A journey, however extraordinary, is like a forest fire. Both are born from an insignificant spark. I had been roaming intermittently for a few years, regularly losing myself in the small French Vosges mountains which had welcomed me since childhood. I wandered along the paths on weekends, sleeping in shelters, under a tree or under the stars. I ended up crossing the whole mountain range. This experience of immersion, or rather of exfiltration from daily life was a revelation. I then arranged my first solo trip around the Mont Blanc in the Alps despite the fear in my stomach. This journey triggered my obsession for Alpine adventures.
One winter evening while I was doing preliminary research on crossing the French Alps, I discovered the Via Alpina, a mega hiking trail which continues far beyond the classic route that I was then thinking of. It is a gigantic Ariadne's thread that crosses the whole Alpine arc from the Mediterranean Sea to the Adriatic. Rational thought was eclipsed by the shadow of the emotional; a situation conducive to achieving your dreams. The desire was born and would never leave me.
Targeting the Via Alpina was like jumping from primary school to university. It was the beginning of several years of intense training in situations simulating the conditions I thought I would run into. I embraced all the opportunities that would move me along the path of resilience: freezing nights, rainy days, intense fatigue, or stress due to scarcity of drinking water. I am the type of person who believes that a real journey is not planned, but prepared. I wanted the surprise of discovering each landscape during the trip but having ensured that I had the technical and psychological toolbox to cross each one.
The forest fire spread one ultimate time with the discovery of the Via Dinarica which crosses the Dinaric Alps, in the heart of the Balkans. It added the impossible to the improbable - but it all looked so elegant! At the end of the day, from a mathematical point of view, infinity plus infinity still equals infinity. My plan rose in its final form, which I will name the Via Alpinarica.

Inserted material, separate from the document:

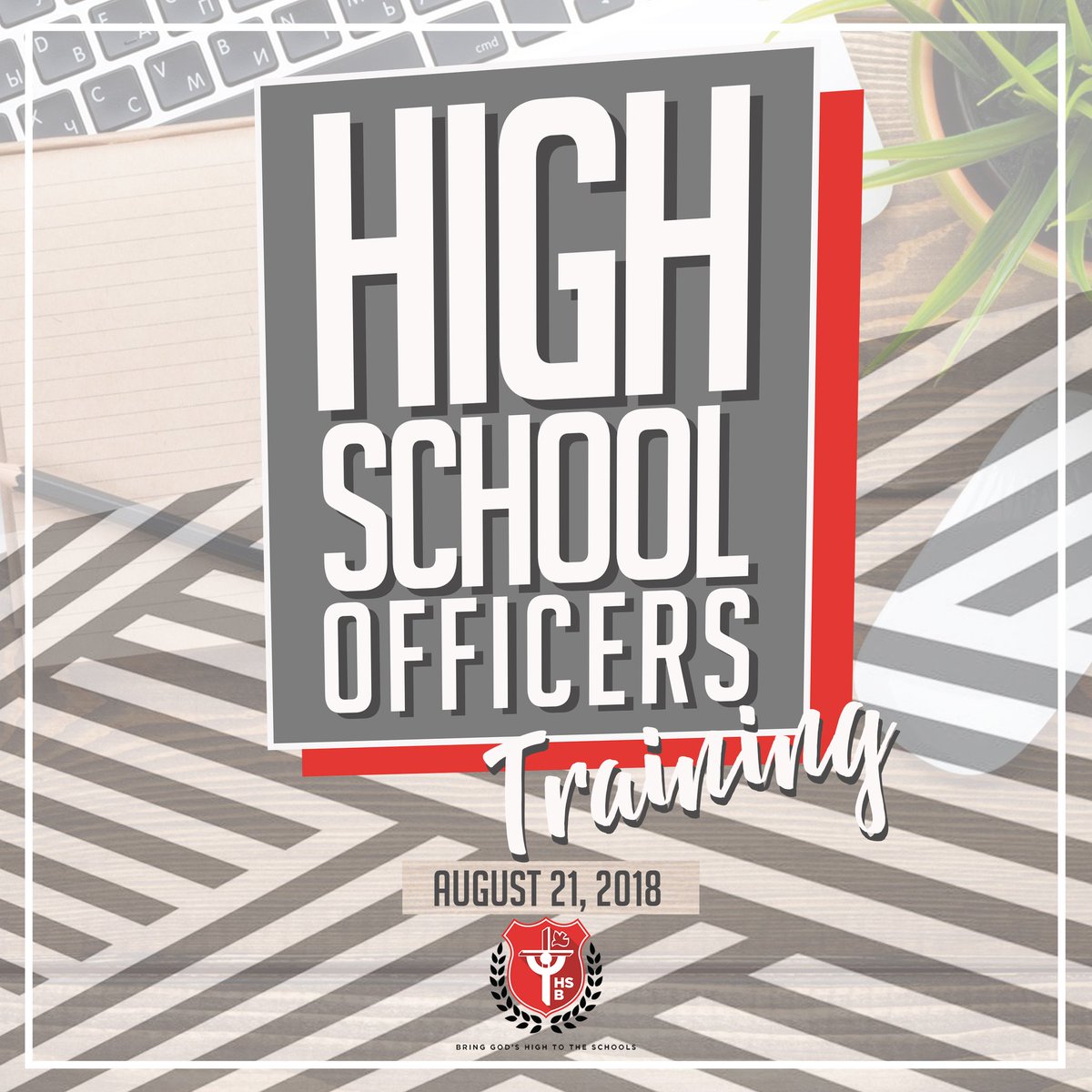 YFCBoholHSBased's tweet photo. Get to know how to bring God's high to your schools as we have our High School Officers Training this August 21, 2018, 8AM-5PM at Holy Infant School! 

Make the call, be filled to the brim and take the lead!! Contact your school volunteers now!!
😁🤗

#HSOT
#SulongYFCHSBBohol https://t.co/DfprYDNIld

I departed from Monaco at sea level. I was nervous and terrified by the magnitude of the journey, despite my hard training. I was hoping that the thousands of hours I had spent on the trails had given me a type of superpower: that of being used to the unusual. No prepared itineraries, no marked accommodations, no scribbled calendar, I needed freedom. The same freedom that allowed me to enjoy a few hours of a water hole discovered at the foot of a waterfall or to make camp at the edge of a high-altitude lake of unexpected beauty.
My journey statistics:
• 127 days
• 12 countries
• 3890 kilometers
• 197000 meters of elevation gain
• 3750 meters (highest point)
• 10 pairs of braking pads
• 1 red Tshirt
I was sorely tested in the first kilometers, difficult due to crushing heat and demanding rock gardens. After a few days, when I would plot my progress on the map, it seemed hopelessly negligible; almost invisible; materialized by only a few pixels on my smartphone screen. In the face of my growing anxiety, I decided to move forward by setting successive modest goals. I was reassured when I reached these recurrent finish lines, but the final one seemed unattainable.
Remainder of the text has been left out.